Re: [MAINTAINERS SUMMIT] The role of AI and LLMs in the kernel process

ksummit.lists.linux.dev archive mirror
 help / color / mirror / Atom feed

From: James Bottomley <James.Bottomley@HansenPartnership.com>
To: Mauro Carvalho Chehab <mchehab+huawei@kernel.org>
Cc: Steven Rostedt <rostedt@goodmis.org>,
	Jonathan Corbet <corbet@lwn.net>,
	 "H. Peter Anvin" <hpa@zytor.com>,
	Sasha Levin <sashal@kernel.org>,
	ksummit@lists.linux.dev
Subject: Re: [MAINTAINERS SUMMIT] The role of AI and LLMs in the kernel process
Date: Mon, 08 Dec 2025 18:16:52 +0900	[thread overview]
Message-ID: <4597dfe45c9ff2991ed5221c618602ea42993940.camel@HansenPartnership.com> (raw)
In-Reply-To: <20251208094116.6757ddeb@foz.lan>

On Mon, 2025-12-08 at 09:41 +0100, Mauro Carvalho Chehab wrote:
> Em Mon, 08 Dec 2025 12:42:32 +0900
> James Bottomley <James.Bottomley@HansenPartnership.com> escreveu:
> 
> > On Sun, 2025-12-07 at 22:15 -0500, Steven Rostedt wrote:
> > > On Sun, 07 Dec 2025 18:59:19 -0700
> > > Jonathan Corbet <corbet@lwn.net> wrote:
> > >   
> > > > > I contend there is a huge difference between *code* and
> > > > > descriptions/documentation/...  
> > >   
> > > > 
> > > > As you might imagine, I'm not fully on board with that.  Code
> > > > is assumed plagiarized, but text is not?  Subtly wrong
> > > > documentation is OK?
> > > > 
> > > > I think our documentation requires just as much care as our
> > > > code does.  
> > > 
> > > I assumed what hpa was mentioning about documentation, may be
> > > either translation of original text of the submitter, or AI
> > > looking at the code that was created and created a change log.
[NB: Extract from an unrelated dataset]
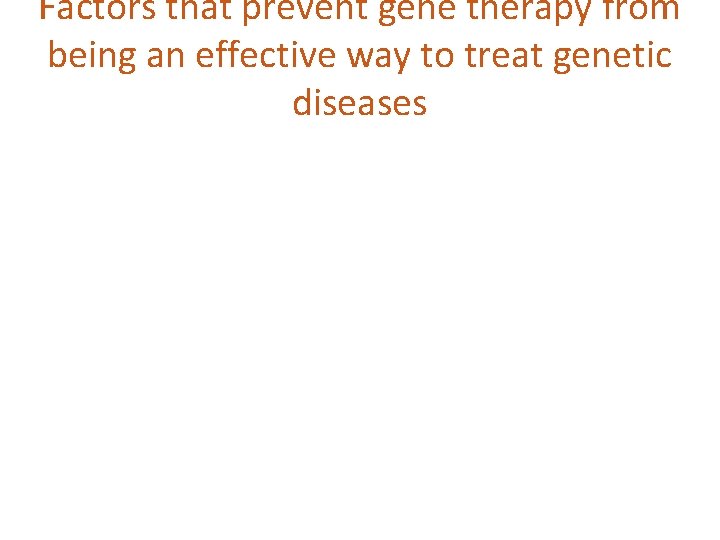 Factors that prevent gene therapy from being an effective way to treat genetic diseases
In
> > > either case, the text was generated from the input of the author 
> > 
> > I think this is precisely the problem Jon was referring to: you're
> > saying that if AI generates *text* based on input prompts it's not
> > a copyright problem, but if AI generates *code* based on input
> > prompts, it is.  As simply a neural net operational issue *both*
> > input to output sets are generated in the same way by the AI
> > process and would have the same legal probability of being
> > copyright problems.  i.e. if the first likely isn't a copyright
> > problem, the second likely isn't as well (and vice versa).
> 
> I'd say that there are different things placed in the same box. Those
> two, for example sound OK on my eyes:
> 
> - translations - either for documentation of for the code.
>   The original copyrights maintain on any translations. This is
> already
>   proofed in courts: if one translates Isaac Asimov's "Foundation" to
>   Greek, his copyright remains at the translation. Ok, if the
> translation
>   is done by a human, he can claim additional copyrights for the
>   translation, but a machine doesn't have legal rights to claim for
>   copyrights. Plus, the translation is a derivative work of the
> original
>   text, so, I can't see how this could ever be a problem, if the
>   copyrights of the original author is placed at the translation;

I can explain simply how I as a translator could cause a copyright
problem with no AI involvement: let's say I translate Foundation from
English to French but while doing so I embed a load of quotes from the
novels of Annie Ernaux but in a way that it nicely matches the Azimov
original.  Now I've created a work which may be derivative of
Foundation and partly owned by me but which also has claims of
copyright abuse from Annie Ernaux.

The above is directly analogous to what would happen if the AI output
were decided to be a derivative of its training for an AI translator.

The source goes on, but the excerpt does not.